→ Task to complete: What are the lines, word for word, from the line with "Caxias do Sul soma" up to and including the line with "Brown Reclining Sectional" in the records below? Omit the pictures.

================

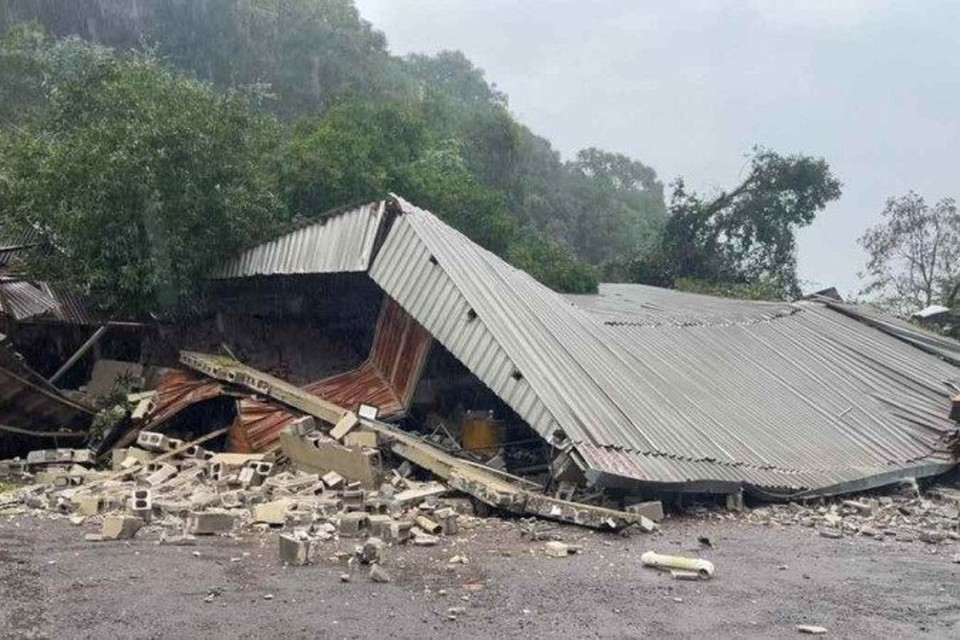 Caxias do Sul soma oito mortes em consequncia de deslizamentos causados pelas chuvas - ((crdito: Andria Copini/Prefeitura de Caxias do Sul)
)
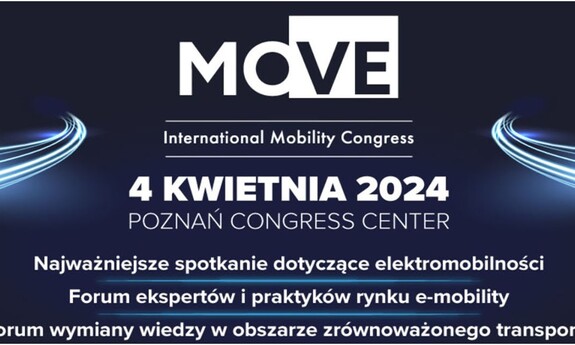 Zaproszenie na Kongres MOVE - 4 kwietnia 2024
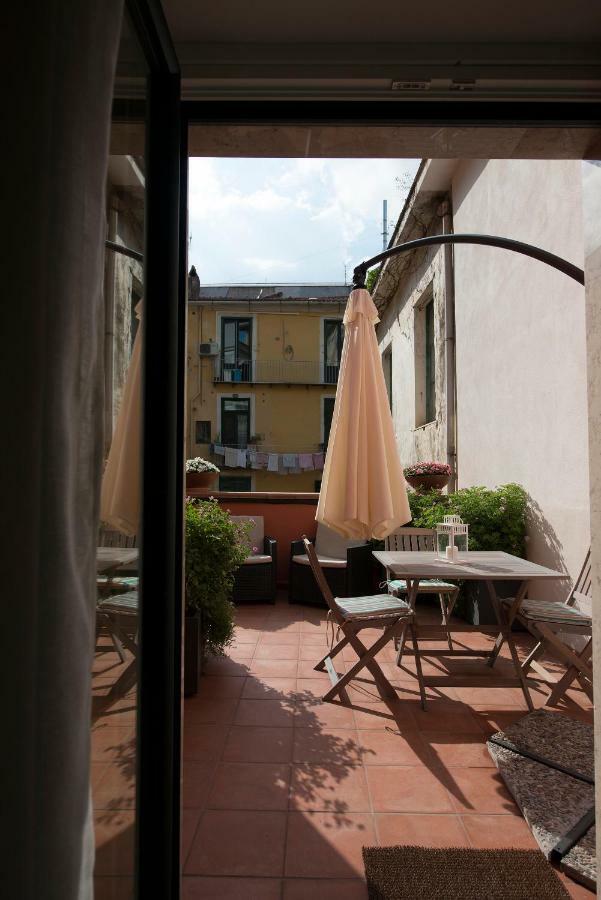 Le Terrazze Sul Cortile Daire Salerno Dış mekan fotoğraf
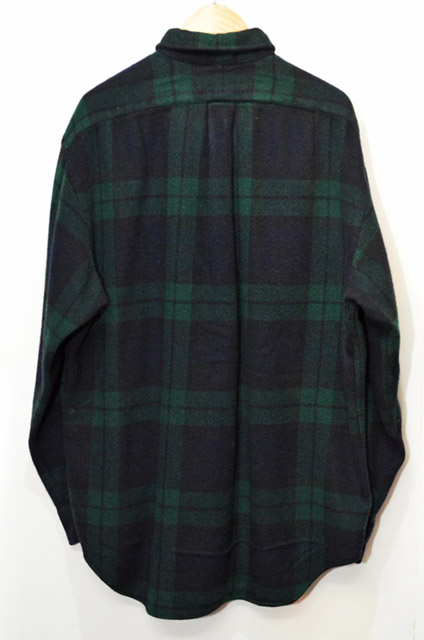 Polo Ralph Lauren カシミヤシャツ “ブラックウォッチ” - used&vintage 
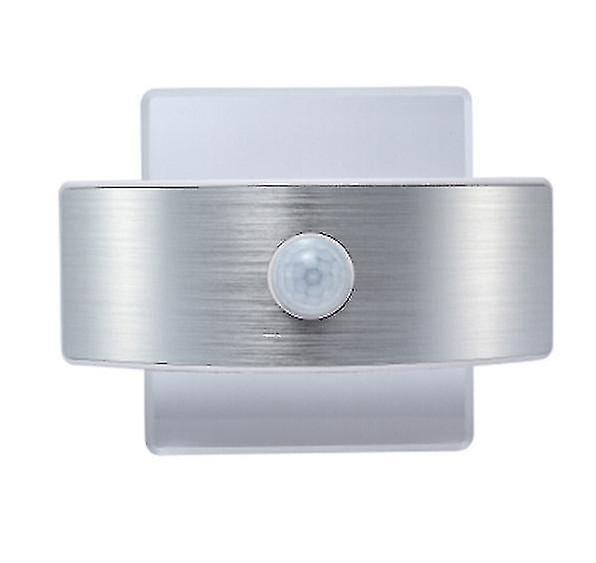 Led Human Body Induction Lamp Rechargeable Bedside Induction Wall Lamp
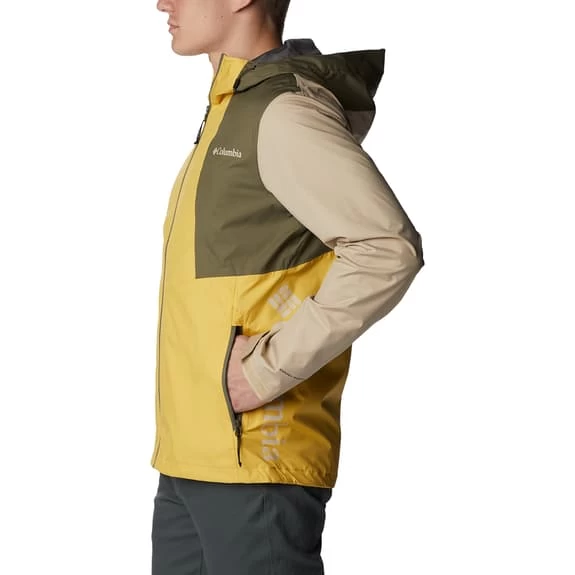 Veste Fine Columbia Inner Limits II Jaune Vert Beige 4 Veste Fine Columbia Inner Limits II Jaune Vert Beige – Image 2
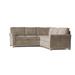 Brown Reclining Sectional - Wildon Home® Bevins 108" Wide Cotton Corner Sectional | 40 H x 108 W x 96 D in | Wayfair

================

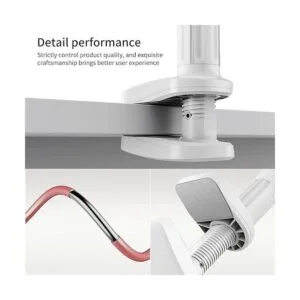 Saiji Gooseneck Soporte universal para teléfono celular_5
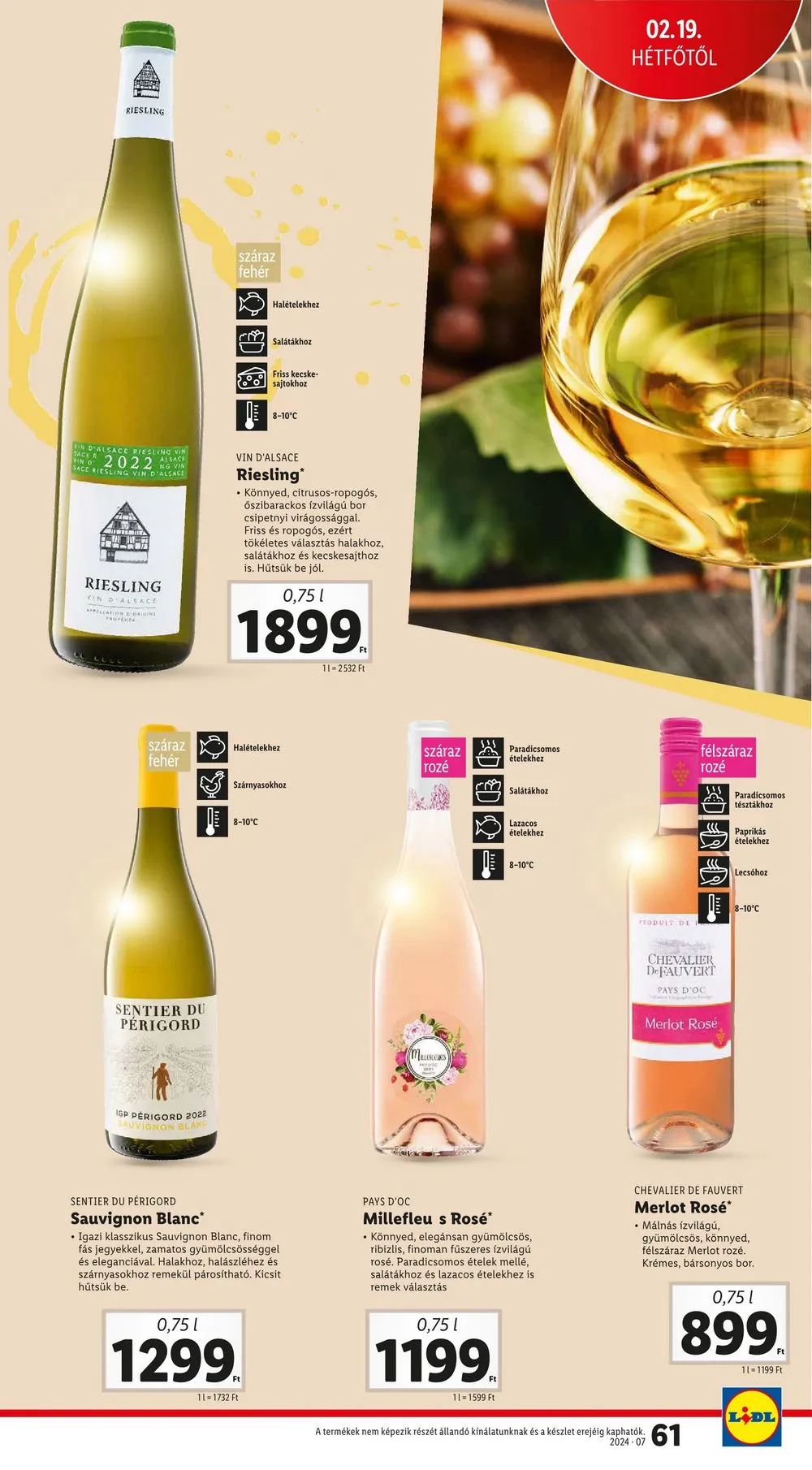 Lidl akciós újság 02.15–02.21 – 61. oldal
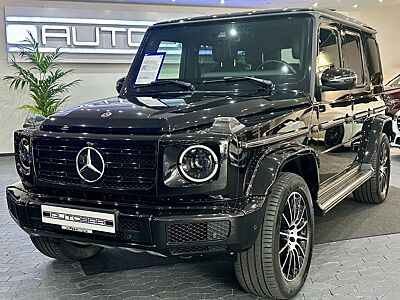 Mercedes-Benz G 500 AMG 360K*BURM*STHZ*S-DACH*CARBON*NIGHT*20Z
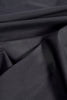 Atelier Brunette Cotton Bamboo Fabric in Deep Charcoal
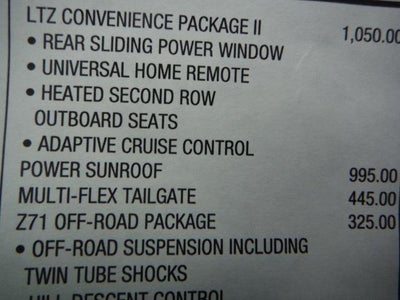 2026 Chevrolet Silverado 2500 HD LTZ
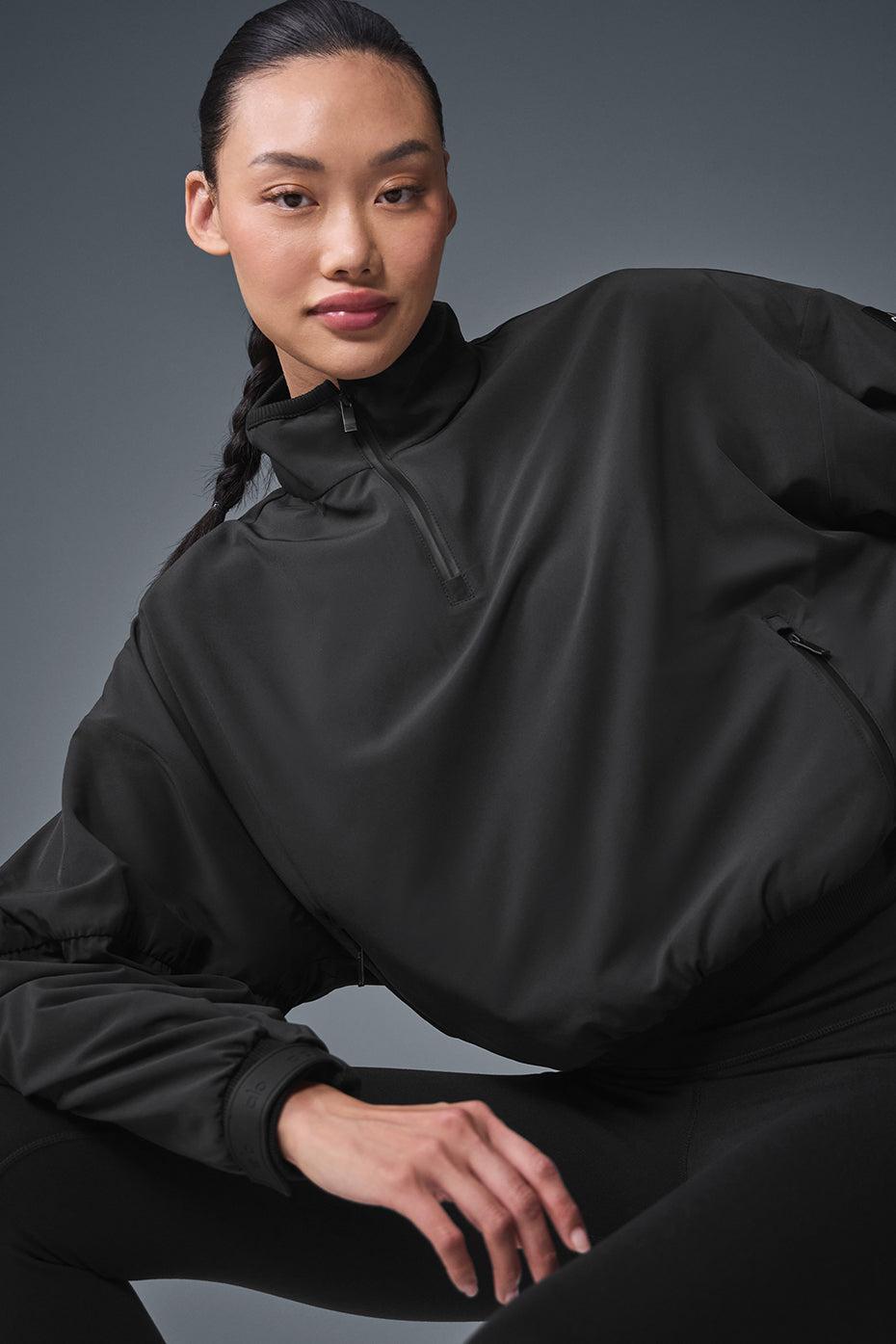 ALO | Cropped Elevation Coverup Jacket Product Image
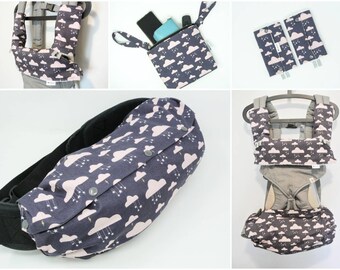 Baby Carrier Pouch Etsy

================

→ Answer space:
 Caxias do Sul soma oito mortes em consequncia de deslizamentos causados pelas chuvas - ((crdito: Andria Copini/Prefeitura de Caxias do Sul)
)
 Zaproszenie na Kongres MOVE - 4 kwietnia 2024
 Le Terrazze Sul Cortile Daire Salerno Dış mekan fotoğraf
 Polo Ralph Lauren カシミヤシャツ “ブラックウォッチ” - used&vintage 
 Led Human Body Induction Lamp Rechargeable Bedside Induction Wall Lamp
 Veste Fine Columbia Inner Limits II Jaune Vert Beige 4 Veste Fine Columbia Inner Limits II Jaune Vert Beige – Image 2
 Brown Reclining Sectional - Wildon Home® Bevins 108" Wide Cotton Corner Sectional | 40 H x 108 W x 96 D in | Wayfair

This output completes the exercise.